▼▼▼
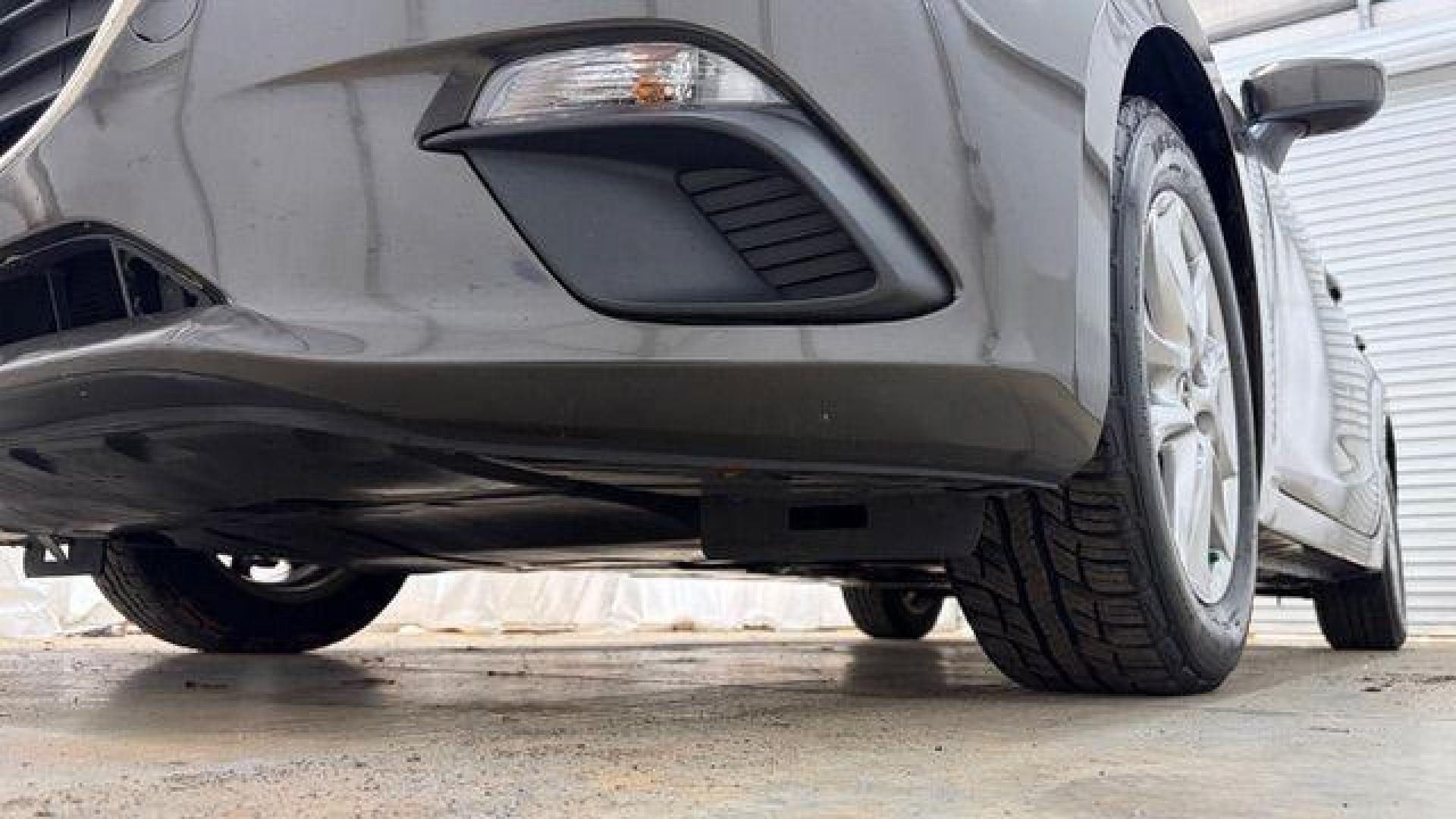 2014 Bronze Mazda Mazda3 i Touring (JM1BM1V74E1) with an SKYACTIV-G 2L I-4 gasoline direct injection engine, located at 1806 Veterans Memorial Hwy SW, Austell, GA, 30168, (770) 944-9558, 33.817959, -84.606987 - Photo#19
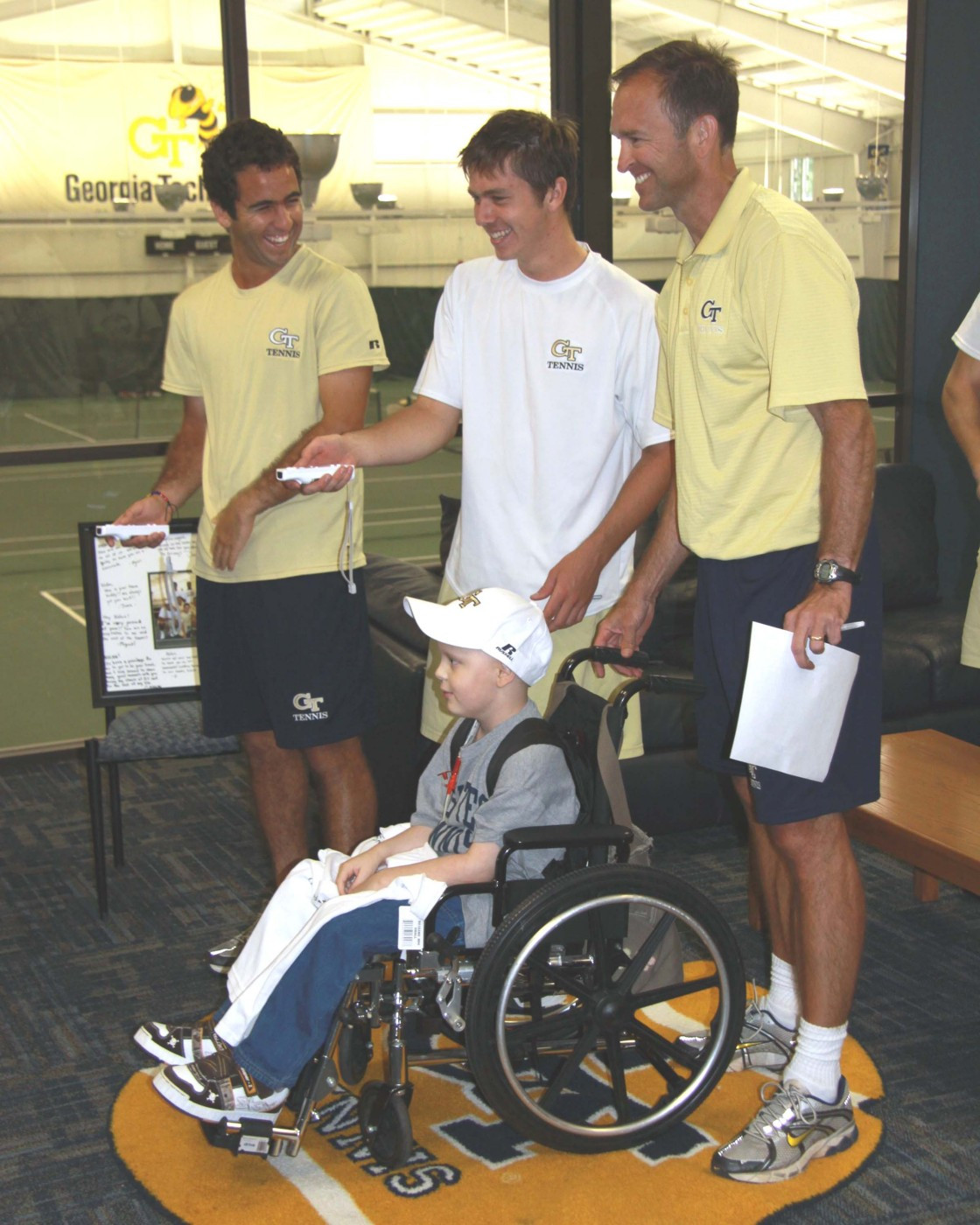 Magin Ortiga, Eliot Potvin and Kenny Thorne get Nolan ready for a game of Wii Tennis.
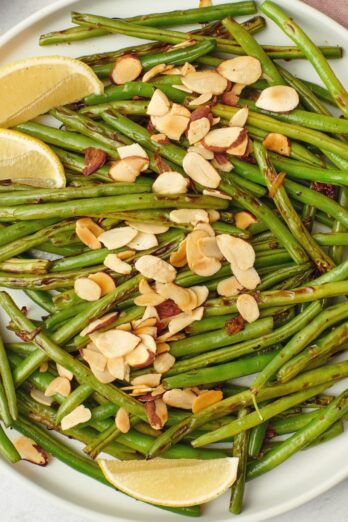 Close up of green beans with almonds with lemon wedges.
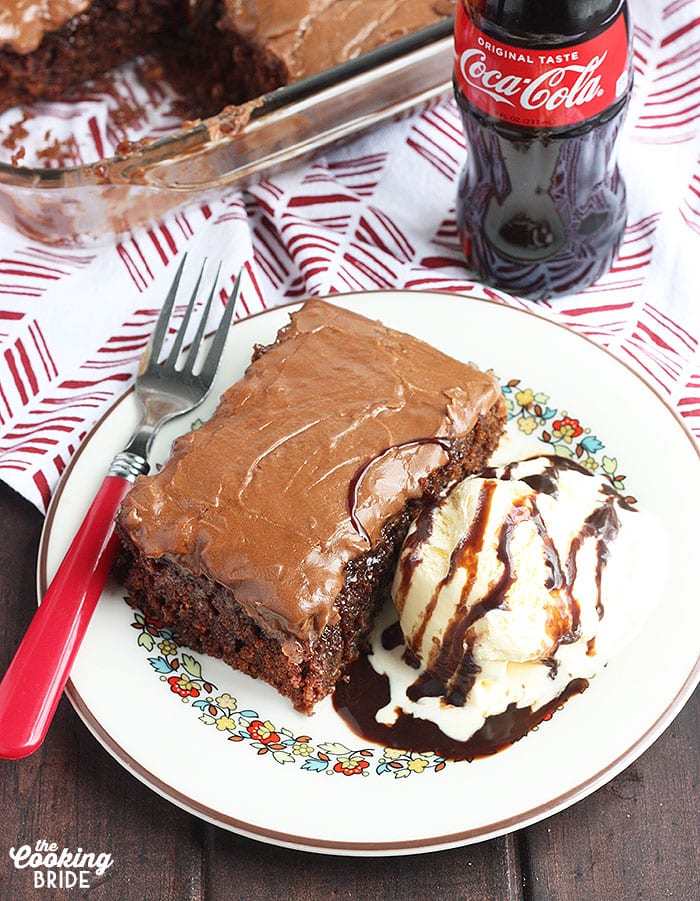 slice of coca cola cake on a white plate with a bottle of soda and the pan of cake in the background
▲▲▲
## Task to carry out:
The span to retype runs from the line containing "Magin Ortiga, Eliot" through the last line of the listing above, both ends included; copy it exactly, without pictures.

## Task result:
 Magin Ortiga, Eliot Potvin and Kenny Thorne get Nolan ready for a game of Wii Tennis.
 Close up of green beans with almonds with lemon wedges.
 slice of coca cola cake on a white plate with a bottle of soda and the pan of cake in the background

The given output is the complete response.